The Order of Ikhamanga in Silver

Makana Football Association Awarded for:

Its contribution to the field of soccer in the face of overwhelming odds on Robben Island.

Profile of Makana Football Association

The Makana Football Association was set up by inmates on Robben Island in 1966 to provide rules and structures for anti-apartheid activists who wanted to play soccer matches. The former inmates of South Africa’s famous Robben Island prison who established a football league as a way to survive incarceration were honoured by FIFA, when it officially recognised their association.

While Robben Island was a notorious symbol of South Africa’s apartheid regime and a prison with a history of violently oppressing political dissidents, it was also a cultural and recreational hotbed.

The infamous jail was the setting for an improbable triumph of the human spirit, when five political prisoners joined to form the Makana Football Association and organise a soccer league on the island.
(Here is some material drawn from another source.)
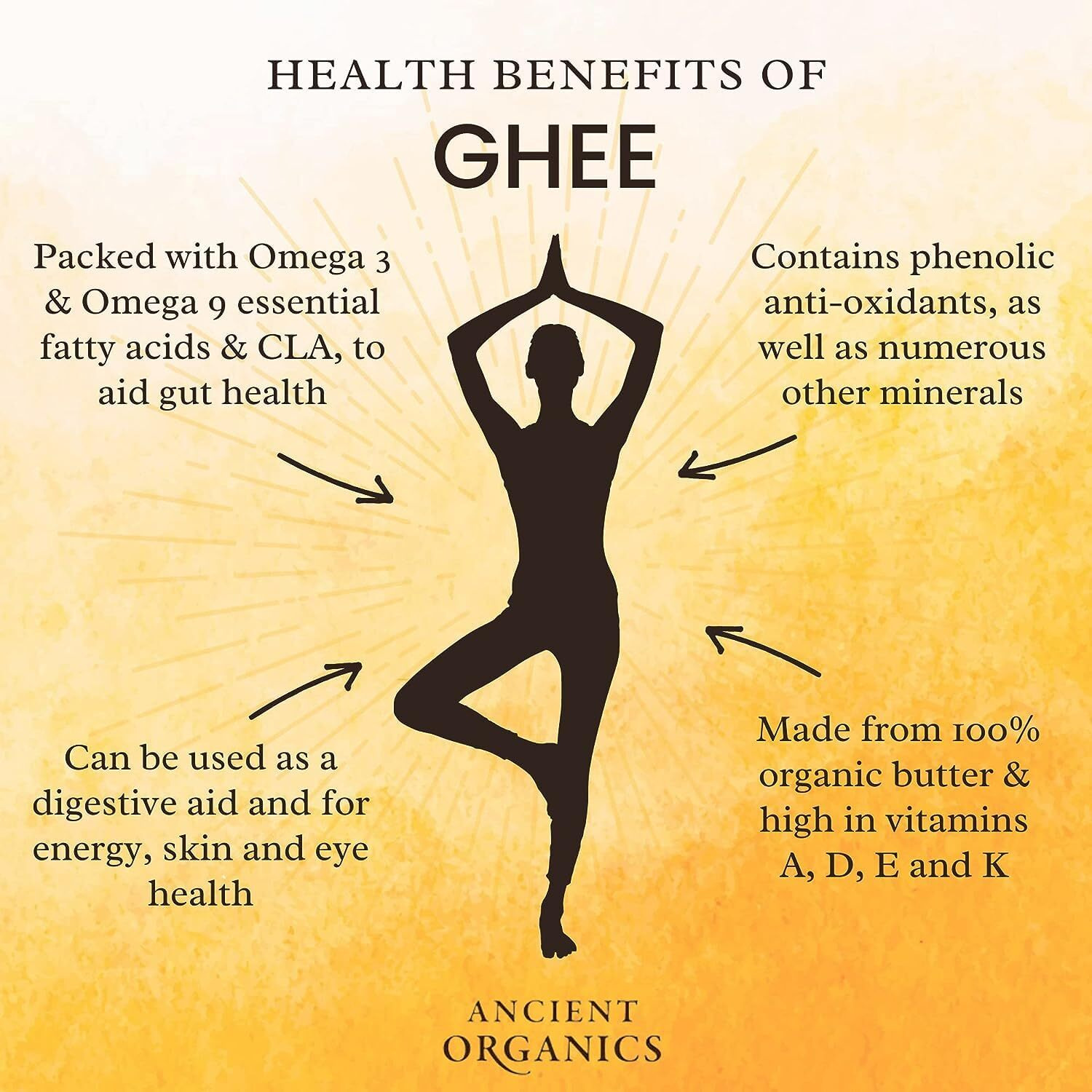 Ancient Organics Salted Ghee, Organic Grass Fed Gluten Free Clarified Salted Ghee Butter With Vitamins & Omegas, Lactose Free, 100% Certified Organic, Kosher, Made In Usa, 16 Fl Oz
Former inmate and present Minister of Human Settlements, Tokyo Sexwale, who was one of the Makana Football Association’s top administrators, speaks fondly of the freedom fighters who defied apartheid’s laws, but adhered strictly to FIFA statutes in hotly contested football matches on the island.

The Makana Football Association was named after one of the great chiefs of the struggle and one of the first political prisoners sent to Robben Island. The association was based on FIFA rules. Given that they were regarded as the worst enemies of the apartheid state and were banished to an offshore prison with no prospect of ever again returning to the life they once knew, football provided the political prisoners with some semblance of normality.

After years of campaigning, Sexwale’s wife, Judy, was eventually allowed to bring the prisoners a proper football kit. The Makana Football Association was given honorary membership of FIFA in 2007, and in the same year a film was made telling the story of the football association, entitled More Than Just A Game.

President Jacob Zuma was once both a Makana Football Association referee and player. Others involved in the association’s organi­sation included the late Steve Tshwete and current Deputy Chief Justice Dikgang Moseneke.

Certain prisoners, particularly Rivonia trialists like Nelson Mandela, Ahmed Kathrada and Walter Sisulu, were among those who were kept in isolation and thus barred from watching or participating in the soccer league.

The incredible feat on Robben Island was to have a football federation, in full operation and complete with referees and a disciplinary committee.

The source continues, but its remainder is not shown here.